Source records

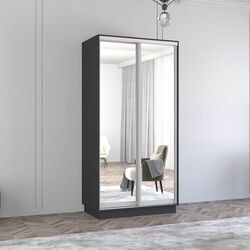 Шкаф-купе Mobildor Fox 2 зеркалa 100x230x60 (Anthracite)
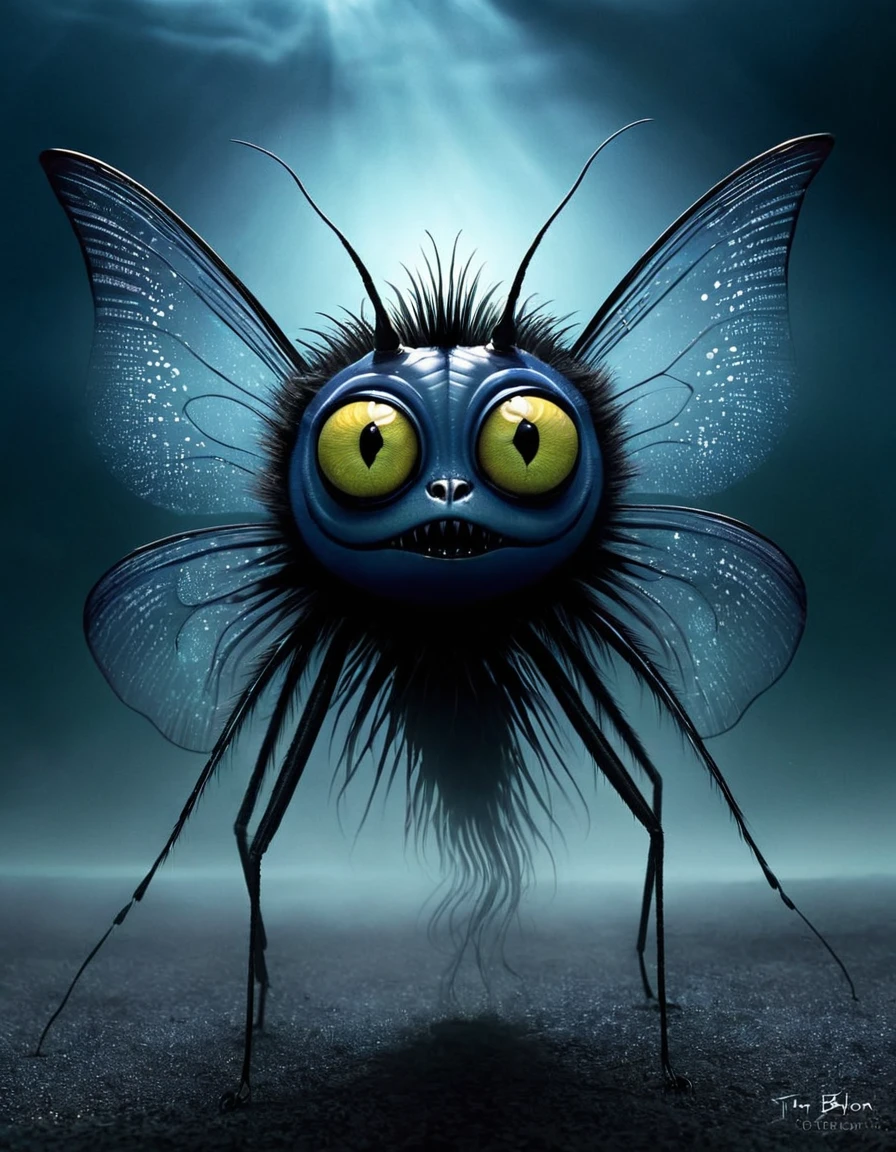 A nightmare dream, with fantastic animals, gatos, peces, insectos, escarabajos y luciernagas, con el estilo de Tim Burton y el surrealismo.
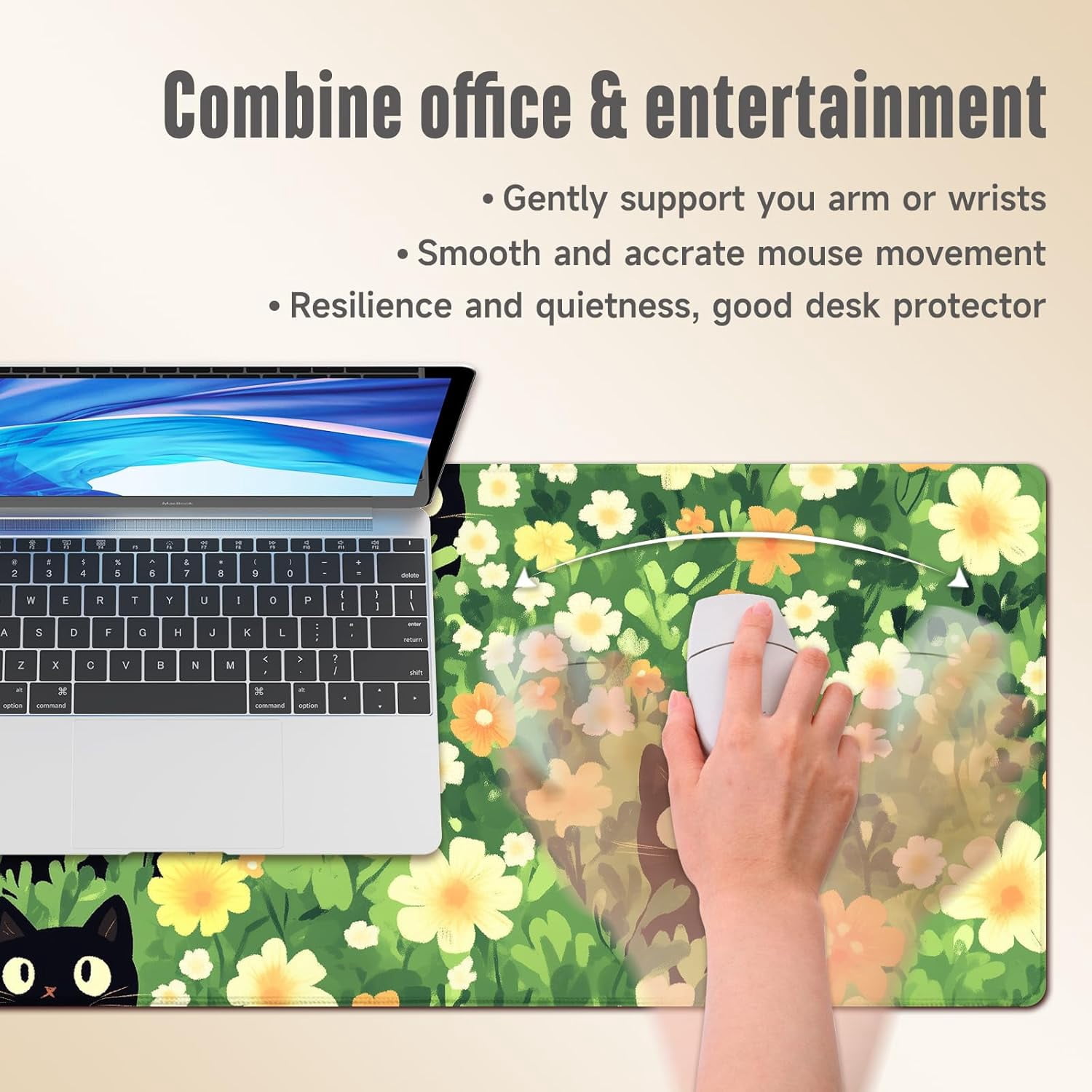 Extended Gaming Mouse Pad, Large Mouse Mat 3 mm Nature Rubber Base Mousepad with Stitched Edges, Non-Slip Desk Mat for Office Home Great Gift 31.5x11.8 Inch (Green Cats)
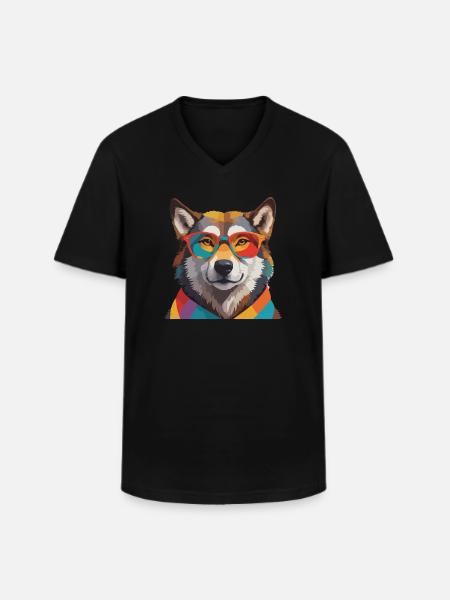 Wolf Cool mit Brille Bunt - Männer-T-Shirt mit V-Ausschnitt - Schwarz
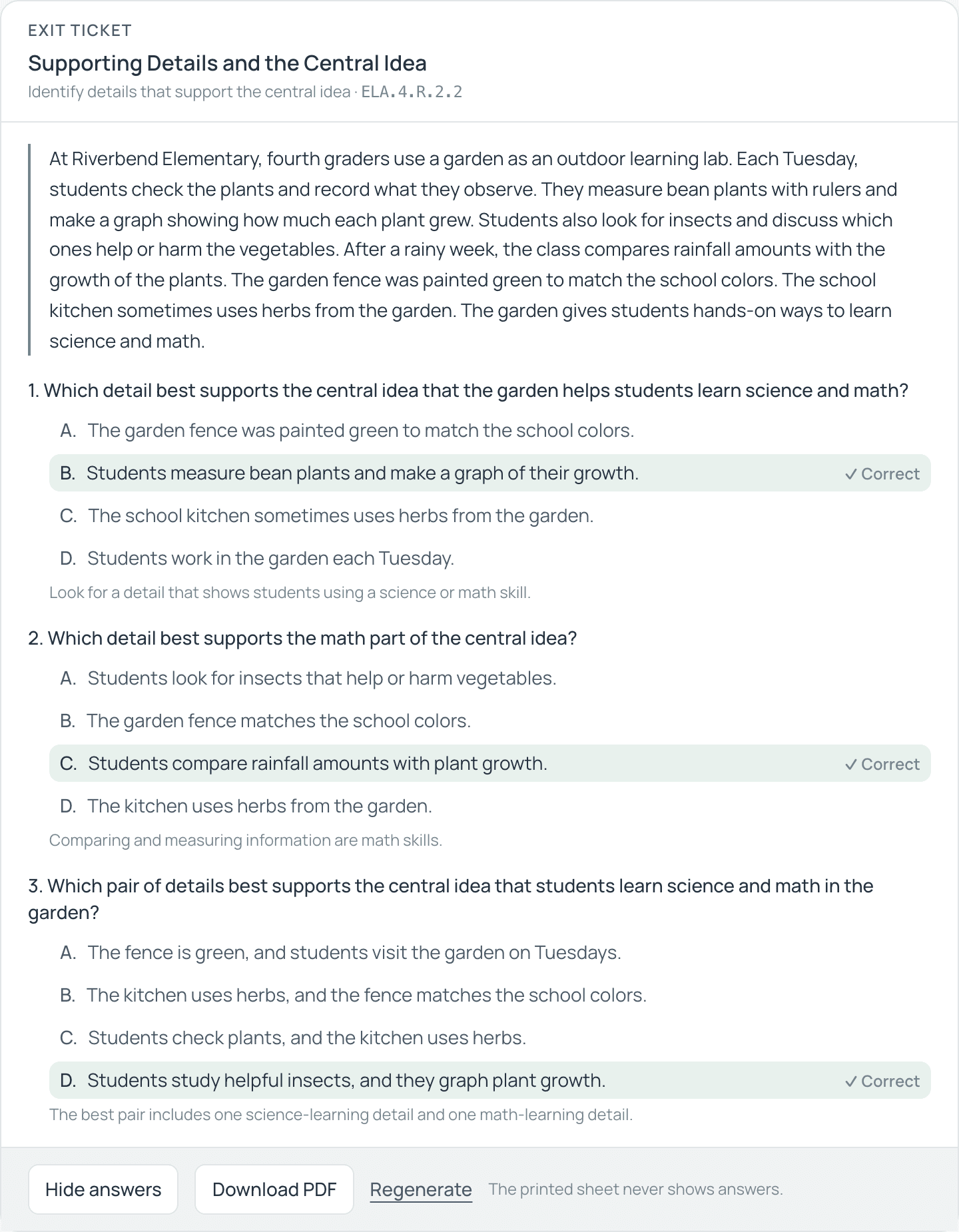 A generated Groupli exit ticket for a Grade 4 reading benchmark: a short passage and three multiple-choice questions, with the teacher's answer key revealed on screen and a note that the printed sheet never shows answers.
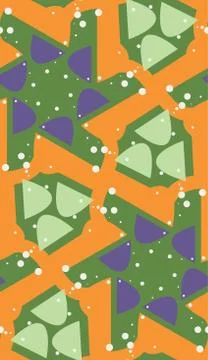 Seamless Pattern of Green on Orange Stock Illustration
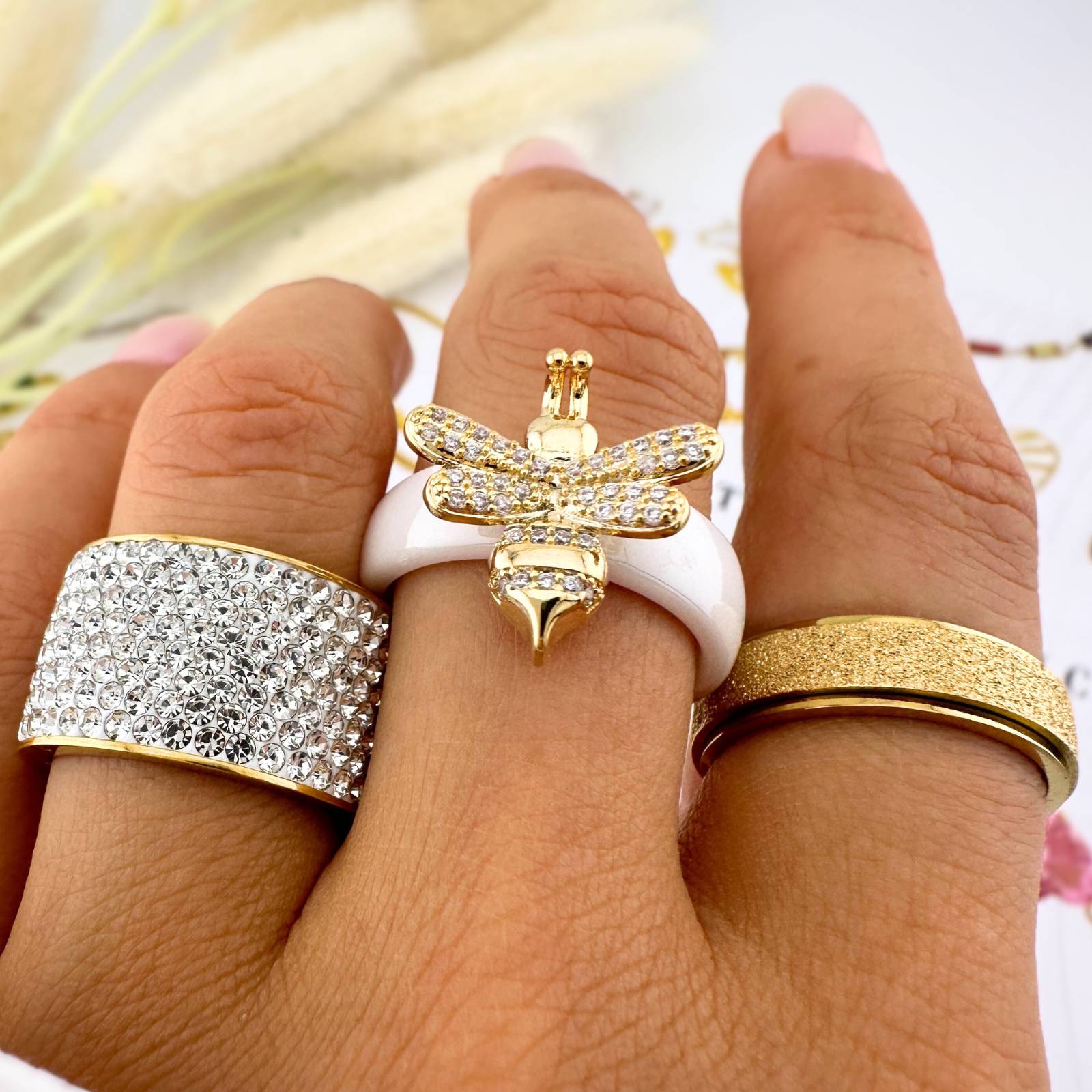 Golden Grain Ring, 18K Gold Plated Steel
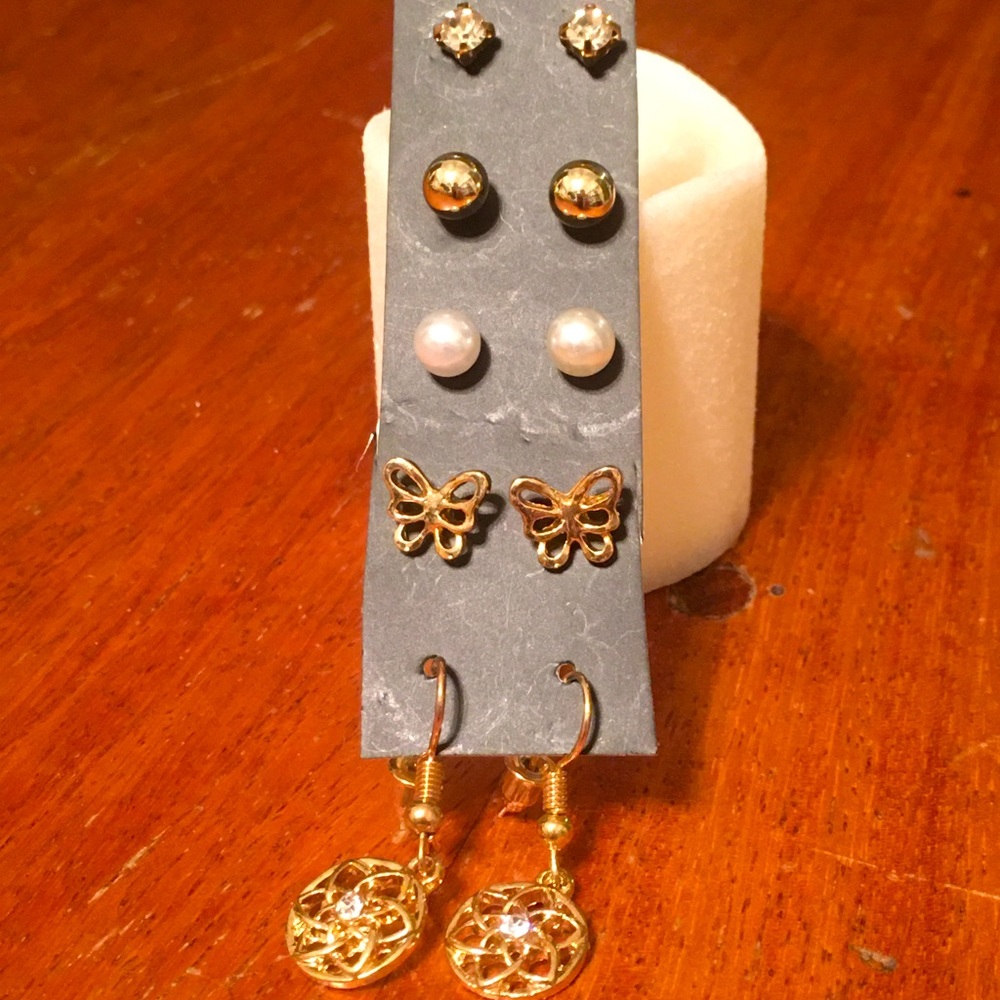 5 pairs of Dainty Goldtone Earrings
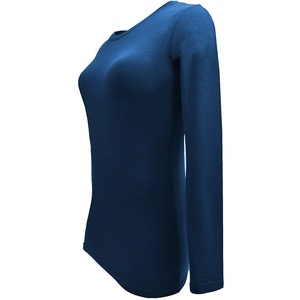 Women Knitted Long Sleeve <b>Scrub</b> <b>Top</b> Blue Slim Fit Medical Nursing Undershirt Uniform - Product Image 1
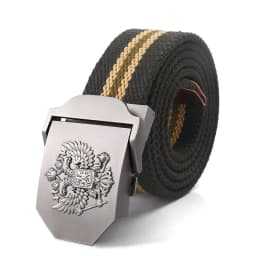 SupSindy Men Canvas Belt Russian Metal Buckle Soviet CCCP Army Military Tactical Belts for Women Jeans Waistband Male Strap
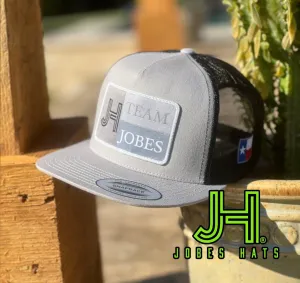 2022 Jobes Hats Trucker- All Grey Silver/Black Team Jobes white patch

Task details →
What is needed is every entry written out word for word, with no pictures.

Solved problem →
 Шкаф-купе Mobildor Fox 2 зеркалa 100x230x60 (Anthracite)
 A nightmare dream, with fantastic animals, gatos, peces, insectos, escarabajos y luciernagas, con el estilo de Tim Burton y el surrealismo.
 Extended Gaming Mouse Pad, Large Mouse Mat 3 mm Nature Rubber Base Mousepad with Stitched Edges, Non-Slip Desk Mat for Office Home Great Gift 31.5x11.8 Inch (Green Cats)
 Wolf Cool mit Brille Bunt - Männer-T-Shirt mit V-Ausschnitt - Schwarz
 A generated Groupli exit ticket for a Grade 4 reading benchmark: a short passage and three multiple-choice questions, with the teacher's answer key revealed on screen and a note that the printed sheet never shows answers.
 Seamless Pattern of Green on Orange Stock Illustration
 Golden Grain Ring, 18K Gold Plated Steel
 5 pairs of Dainty Goldtone Earrings
 Women Knitted Long Sleeve <b>Scrub</b> <b>Top</b> Blue Slim Fit Medical Nursing Undershirt Uniform - Product Image 1
 SupSindy Men Canvas Belt Russian Metal Buckle Soviet CCCP Army Military Tactical Belts for Women Jeans Waistband Male Strap
 2022 Jobes Hats Trucker- All Grey Silver/Black Team Jobes white patch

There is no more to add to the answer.